Third, HarshadNumberQ uses Total[IntegerDigits[n]] instead of DigitSum[n]. This, I believe, is at least part of the reason it runs faster than myHarshadQ. For example,

Timing[Total[IntegerDigits[99999^10]]]

returns {0.000084, 216}, while

Timing[DigitSum[99999^10]]

returns {0.000146, 216}.

Finally, the SetAttributes function is needed because Total would otherwise have trouble handling the output of IntegerDigits when the first argument is a list. Let’s look at some examples:

IntegerDigits[123456]

returns {1, 2, 3, 4, 5, 6}, a simple list that Total knows how to sum to 21. But

IntegerDigits[{12, 345, 6789}]

returns a lists of lists, {{1, 2}, {3, 4, 5}, {6, 7, 8, 9}}, which Total has trouble with. Calling

Total[IntegerDigits[{12, 345, 6789}]]

returns an error, saying that lists of unequal length cannot be added. We can get around this error by giving Total a second argument. Calling it as

Total[IntegerDigits[{12, 345, 6789}], {2}]

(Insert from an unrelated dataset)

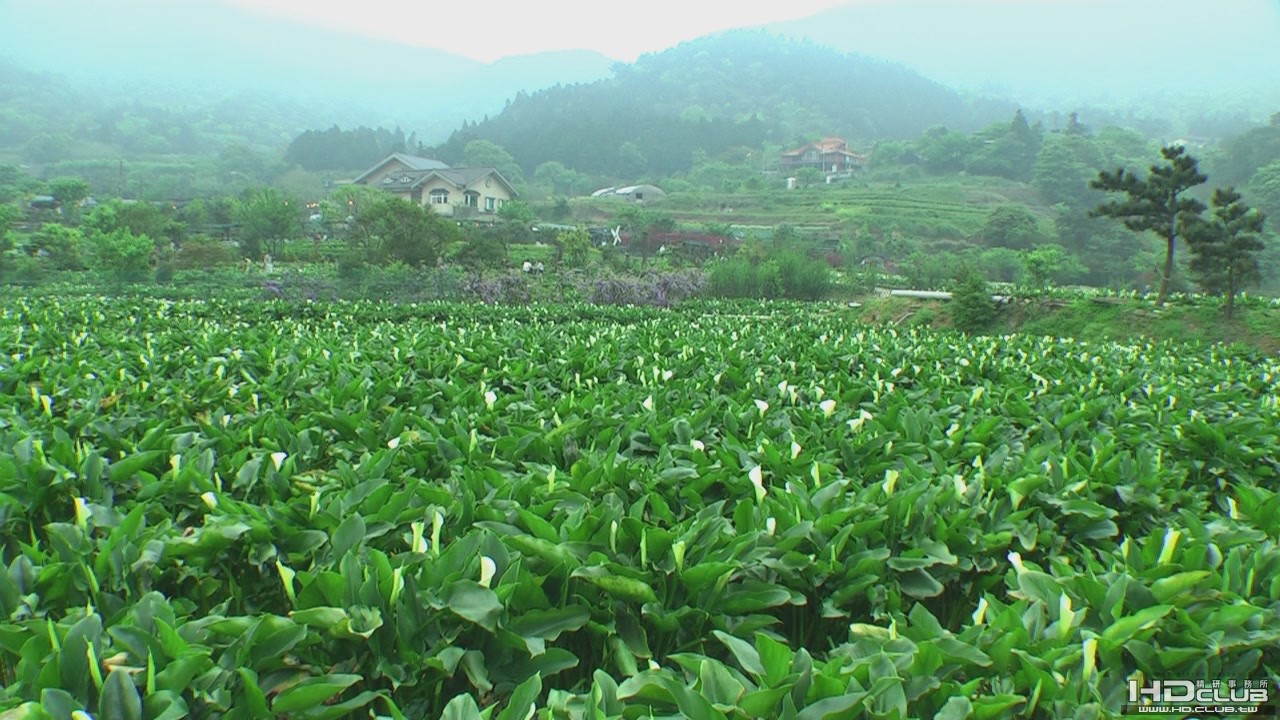 陽明山海芋季[(003126)13-39-09].JPG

tells Total to add the second-level lists, returning {3, 12, 30}, which is just what we want. The problem is that this second argument to leads to an error when the first argument is a scalar instead of a list.

This, as best I can tell, is where the

SetAttributes[HarshadNumberQ, Listable];

line comes in. By telling Mathematica that HarshadNumberQ is Listable, we can define the function as if Total were always being used on scalars, and the system will thread over lists just like we want.

Since I’m just writing myHarshadQ for my own entertainment and not for others to use, I can take some of what I learned above and rewrite it to run faster. Like this:

SetAttributes[myHarshadQ, Listable]; 
myHarshadQ[n_] := Divisible[n, Total[IntegerDigits[n]]]

With this new definition, myHarshadQ runs considerably faster. Calling

Timing[Count[myHarshadQ[Range[10000]], True]]

returns {0.013527, 1538}. This is roughly twice as fast as HarshadNumberQ, probably because the definition doesn’t deal with other bases or handle errors gracefully.

Now I can look at Harshad numbers over a broad range without having to wait long for results. To see how they’re distributed over the first million numbers, I ran

Histogram[Select[Range[999999], HarshadNumberQ], {25000}, ImageSize -> Large]

and got this histogram (with a bin width of 25,000):

Harshad distribution histogram

The stepdown pattern repeats every 100,000 numbers, moving down each time. Let’s stretch out the range to three million and see what happens.

Histogram[Select[Range[2999999], HarshadNumberQ], {25000}, ImageSize -> Large]

Harshad distribution histogram over 3 million

The pattern repeats at the larger scale, too.

If you want to learn some other Harshad facts, you should watch this extra footage at Numberphile. There doesn’t seem to be anything directly practical you can do with Harshad numbers, but you can use them to exercise your mathematical muscles. Or learn new things about the Wolfram Language.


  1. You might think Harshad numbers are named after their discoverer or, in accordance with Stigler’s Law, their popularizer, but no. See either the video or the Wikipedia article for the origin of the name.